Data provided >>
◇ ◇ ◇ ◇ ◇ ◇ ◇
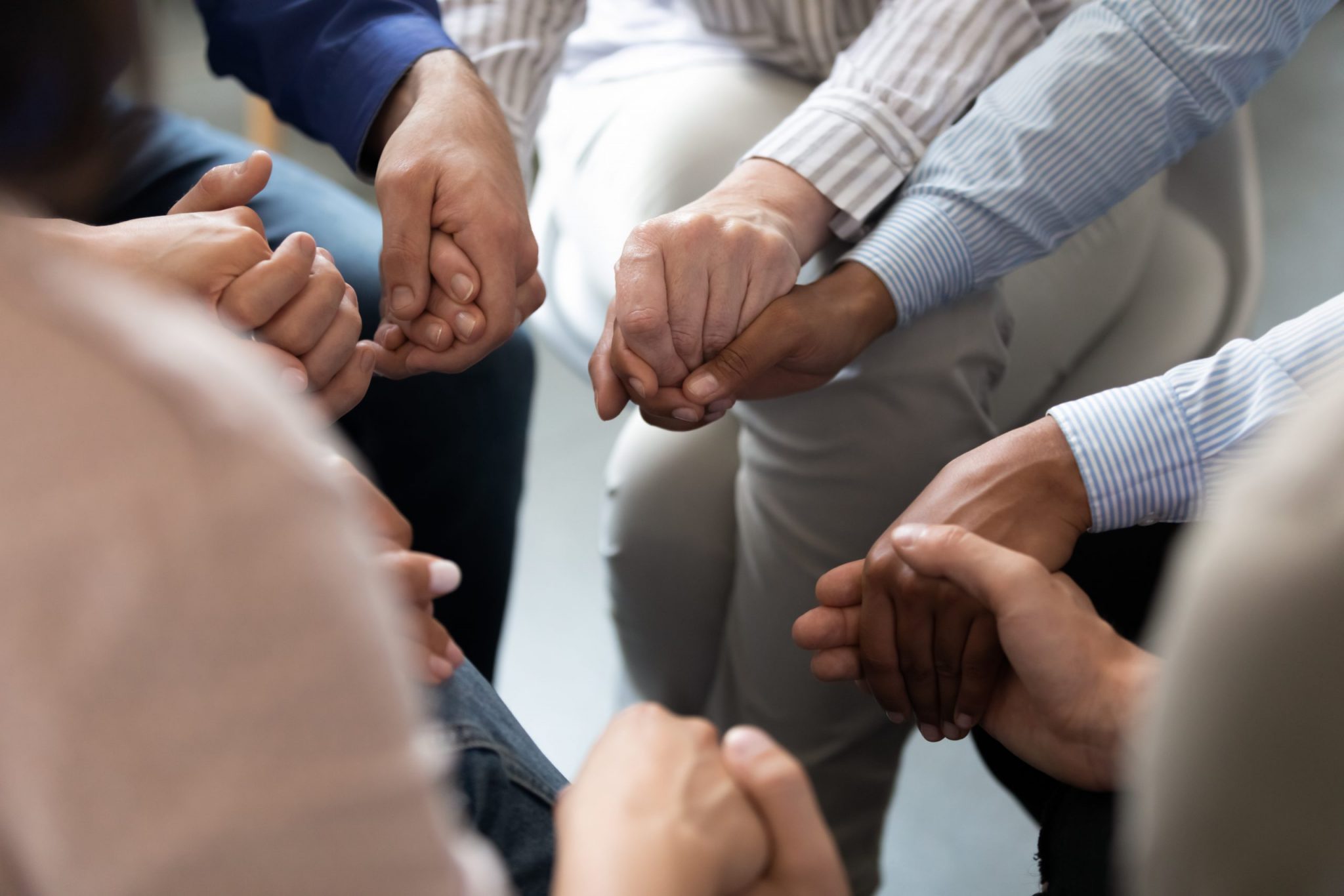 Closeup of people holding each other's hands at an Alcoholics Anonymous meeting as when the Serenity Prayer is recited.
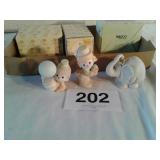 3 precious moments figurines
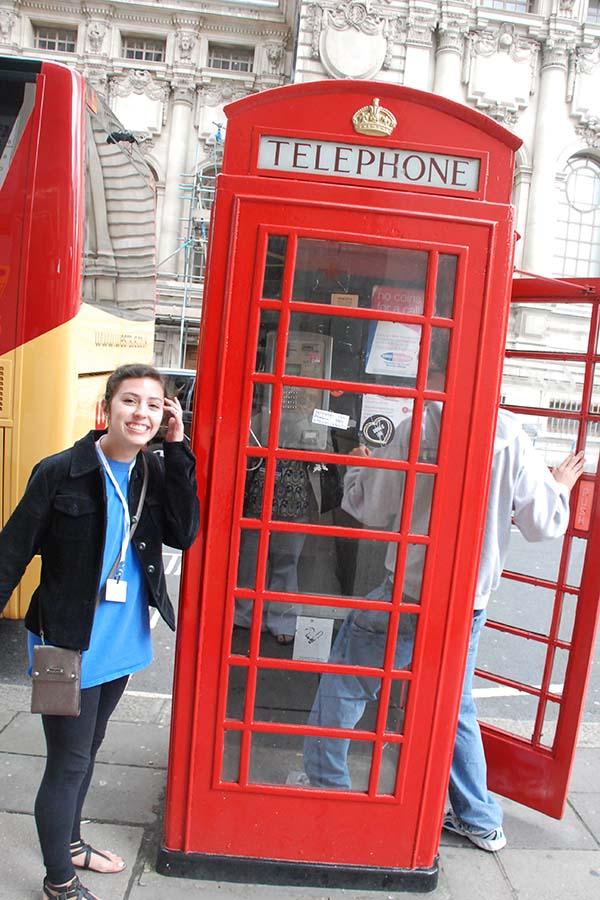 Adrienne Dauma poses by a phone booth during the previous London trip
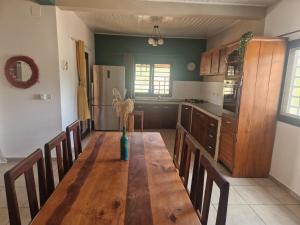a kitchen with a wooden table and chairs in a room at Villa Tahina in Ramena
◇ ◇ ◇ ◇ ◇ ◇ ◇
Task objective >> Locate the line containing "Adrienne Dauma poses" in the material above, then repeat it and every later line exactly, with no pictures.

Solution to the exercise >>
 Adrienne Dauma poses by a phone booth during the previous London trip
a kitchen with a wooden table and chairs in a room at Villa Tahina in Ramena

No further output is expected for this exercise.